Pop culture obsessives writing for the pop culture obsessed.

A Blockbuster A Week: Intermission

You can say that I cracked under pressure if you want, but I'm taking a week off from blockbuster-ing. Reason one: I've got other shit to do. Reason two: I just can't get excited about Nacho Libre, which is the biggest new movie of the weekend. I thought Napoleon Dynamite was only spottily amusing, with a sensibility that struck me as "Wes Anderson For Beginners." And though I like Jack Black (sometimes), nothing in the trailer got me jumping, and the reviews have not been encouraging. So to hell with it. I'll go to the movies again next week … most likely Click.

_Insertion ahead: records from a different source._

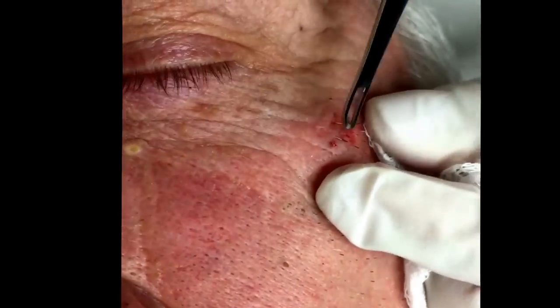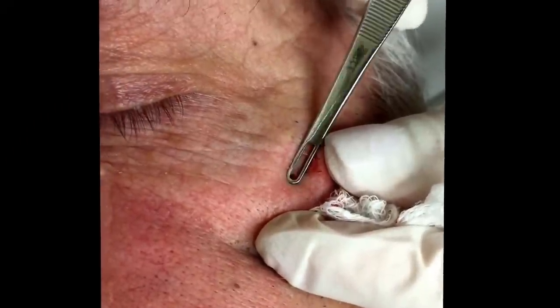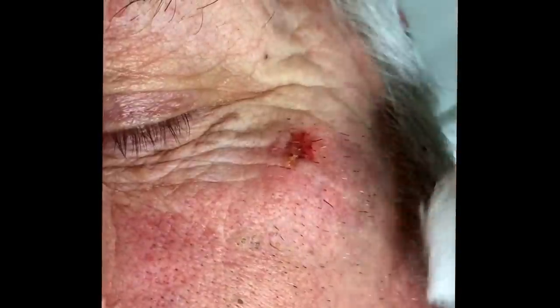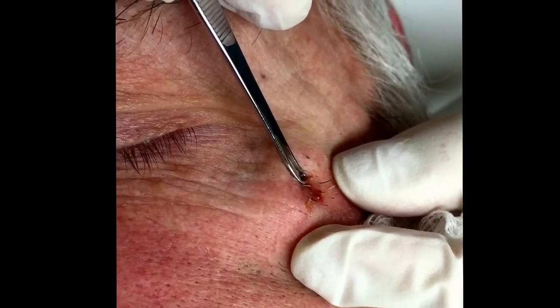So what are you pushing with? It's called a comedone extractor — I'll show you in just a second. Just kind of trying to ease it out. For at home, the one thing I would do would be to cut, because sometimes you have to break the surface a little bit. But these are kind of more like blackheads — they're probably going to be more easily expressed.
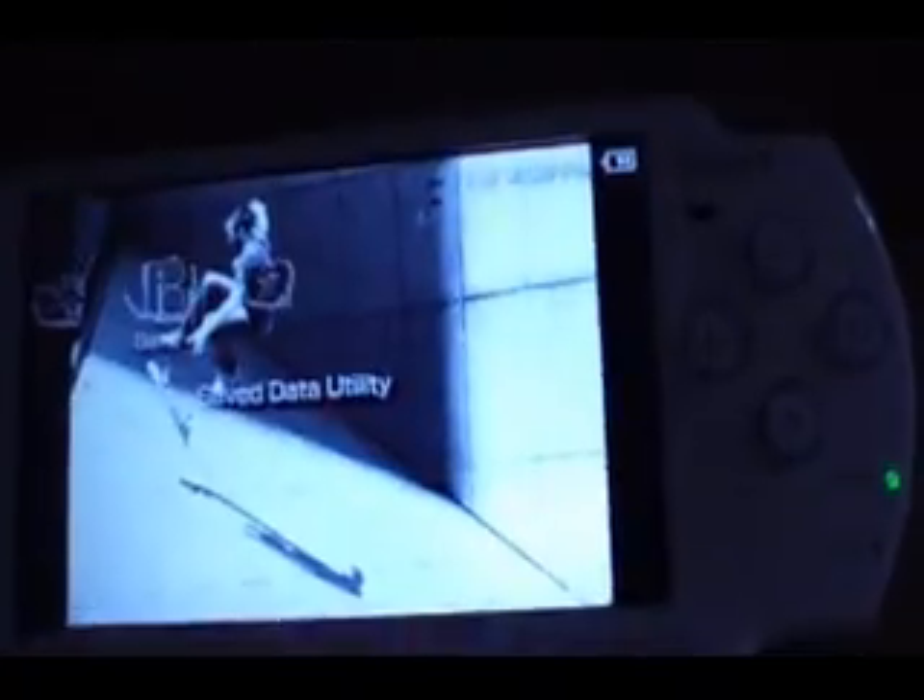Now that that's done, what you want to do is connect your PSP — first turn it on, then connect. Turn your PSP on, go to USB, use USB 2.0, go to USB mode, and plug in the USB on top as so. It'll just pop up on the computer — click cancel.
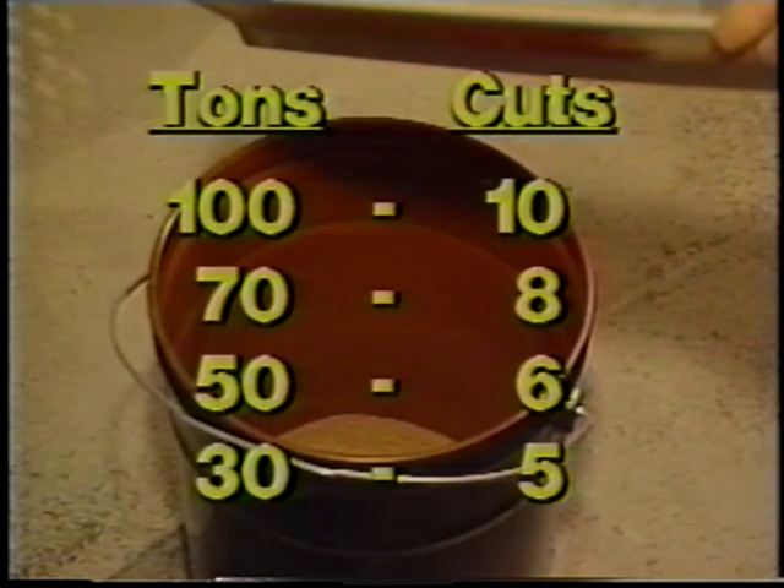For example, with a 100 ton load, you'll need to take 10 full cuts. Also be sure not to sample the first or last 5% of the load, as you will not get an accurate result.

Instead, let's take a moment to assess the project to date. The original idea was to dive deep into Hollywood's big-time summer programming, to see what they think will lure us away from our TiVos and internet porn, if only for one night a week. And thus far, the summer has been front-loaded, with four mega-expensive action-adventure pics (only one of which has really bombed), one star-driven comedy (which outpaced expectations), and one pricey kidflick. I haven't loved anything, though Cars was frequently thrilling, X-Men had some spine-tingling moments, and The Da Vinci Code, The Break-Up and Poseidon were all better than the reviews led me to believe. (Hmmm … maybe I should've seen Nacho Libre after all.)

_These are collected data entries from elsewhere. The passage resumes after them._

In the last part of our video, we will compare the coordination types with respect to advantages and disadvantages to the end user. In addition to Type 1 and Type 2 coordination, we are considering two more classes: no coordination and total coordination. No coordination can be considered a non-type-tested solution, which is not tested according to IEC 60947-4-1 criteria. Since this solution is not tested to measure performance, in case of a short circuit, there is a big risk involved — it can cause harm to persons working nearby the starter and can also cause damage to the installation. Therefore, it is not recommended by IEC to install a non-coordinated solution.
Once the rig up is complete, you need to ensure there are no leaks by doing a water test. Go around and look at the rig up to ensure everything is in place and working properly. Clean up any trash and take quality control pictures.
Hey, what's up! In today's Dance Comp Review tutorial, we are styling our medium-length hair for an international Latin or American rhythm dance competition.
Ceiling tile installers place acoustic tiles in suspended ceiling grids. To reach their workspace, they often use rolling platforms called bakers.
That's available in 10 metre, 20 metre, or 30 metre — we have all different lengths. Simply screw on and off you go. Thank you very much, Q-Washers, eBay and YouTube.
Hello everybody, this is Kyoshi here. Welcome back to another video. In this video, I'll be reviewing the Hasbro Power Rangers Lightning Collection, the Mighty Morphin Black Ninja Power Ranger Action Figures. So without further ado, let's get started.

Anyway, it's fair to say that Hollywood has been getting the job done so far this summer. Box office is up, there's been a lot of chatter in the culture at large about these movies, and aside from (arguably) Poseidon, none of the hype jobs have really felt like empty, artless cash-ins. This project hasn't really been a grind so far, and in the early going especially, when there was a new Superman Returns trailer every week, there seemed to be a real momentum to the summer.

That said, Superman Returns may be the last chance Hollywood has to really knock one out of the box in the summer of '06. There are other movies I'm looking forward to as much or more–primarily Miami Vice, which has the potential to be art–but the quintessential blockbuster doesn't just make money, or make year-end critics' lists, or get riffed on in late night monologues and sketch shows. It does all that, and becomes a permanent part of the culture to boot. Think Jurassic Park. Think E.T.. (Think Spielberg, basically.)

Of course, it's hard to expect that kind of impact from a slate of sequels and remakes. The fact that Hollywood has managed to squeeze out this much juice from such overripe fruit is a testament to a handful of actors, producers, and directors who really seem to be trying to entertain and even move us. Even when they fall short, you've got to applaud the attempt. So … yay attempt.

More to come later in the summer, including an attempt to further define the differences between good junk, artful junk, and "art." Who knows? Click might provide a clear pathway into this discussion, which is well-overdue.